━━ GIVEN MATERIAL
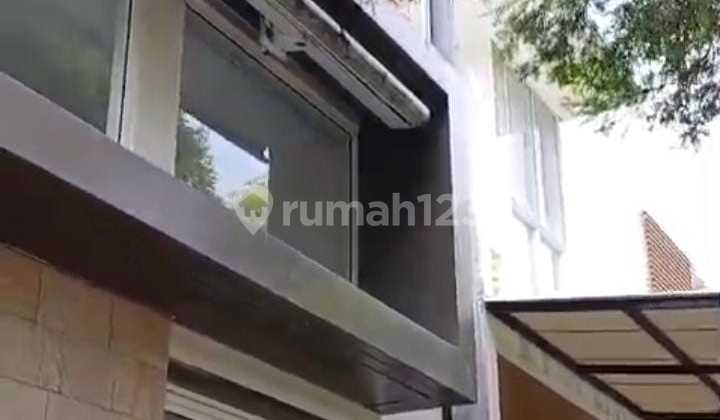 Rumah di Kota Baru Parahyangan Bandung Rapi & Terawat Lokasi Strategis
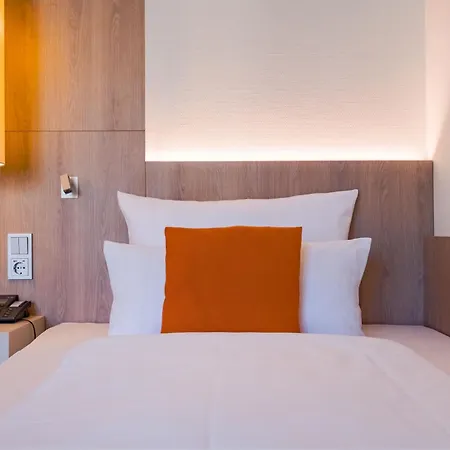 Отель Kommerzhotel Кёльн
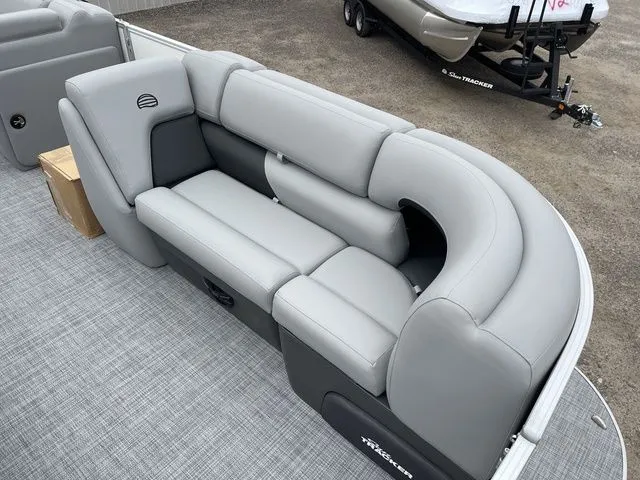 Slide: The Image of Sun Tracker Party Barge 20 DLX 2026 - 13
━━━━
→ TASK STATEMENT: With the images omitted, return the full material exactly.

→ TASK RESPONSE:
 Rumah di Kota Baru Parahyangan Bandung Rapi & Terawat Lokasi Strategis
 Отель Kommerzhotel Кёльн
 Slide: The Image of Sun Tracker Party Barge 20 DLX 2026 - 13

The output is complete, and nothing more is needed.